Panoptes: Remediating Rogue Resources in an Infrastructure as Code Multi-Cloud Environment
Administrating system architectures has historically been a time-consuming and error-prone process. DevOps, a set of practices designed to improve system deployment speed and quality, addresses these challenges by promoting automation and consistency. A central practice in DevOps is Infrastructure as Code (IaC), which involves describing infrastructure through code and automatically configuring systems based on these definitions. This approach contrasts with traditional system deployment methods, where administrators manually configure systems interactively.

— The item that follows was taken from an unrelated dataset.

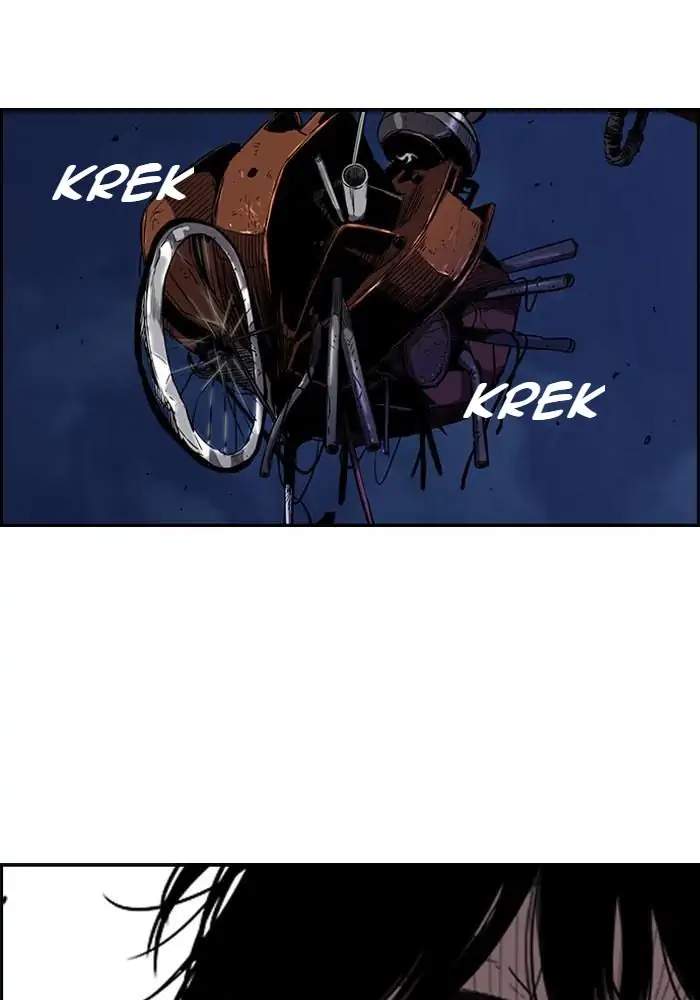 Wind Breaker Chapter 149 Halaman 2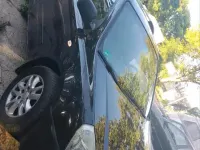Gebraucht Kia Carnival 185 PS (136 kW) 2009 Schwarz Van / Kleinbus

IaC is particularly well-suited for cloud computing, as cloud services enable on-demand allocation of system resources that can be provisioned automatically using IaC. When adopting cloud computing, organizations can choose to rely on a single provider or multiple vendors simultaneously, the latter being referred to as a multi-cloud environment. Multi-cloud adoption helps avoid vendor lock-in and reduces dependency on a single provider. However, managing multiple vendors is challenging due to differences in products and APIs, which complicate interoperability.
Despite the advantages of IaC, it introduces certain challenges, one of which is configuration drift, often described as “undocumented configuration changes made to a running system”. This research focuses on detecting and remediating rogue resources, which are resources outside the IaC-managed “state” that affect resources within it. Here, “state” refers to the collection of resources managed by IaC. Rogue resources can interfere with IaC functionality, for example, by hindering deployments if they depend on IaC infrastructure. Additionally, they can compromise security, as their existence outside IaC documentation makes them difficult to monitor and control. Addressing these rogue resources is essential to restore the system to a known state and maintain its integrity.
This research investigated methods for detecting and remediating rogue resources in multi-cloud environments. To implement the findings, a tool was designed and developed to address these challenges. The scope of the research was limited to ensure feasibility within the given time frame. AWS and Hetzner Cloud are chosen as the focus platforms due to their accessibility and the inclusion of a smaller platform alongside a major provider. Terraform is selected as the IaC tool for this study due to its popularity and extensive adoption. Additionally, the research focuses specifically on compute resources, allowing for a more detailed examination of rogue resource management.
By exploring these challenges and implementing solutions, this research aimed to enhance the management of multi-cloud environments and improve the reliability of systems using IaC. The findings contributed to a deeper understanding of how rogue resources can be addressed effectively, ensuring systems remain secure and functional.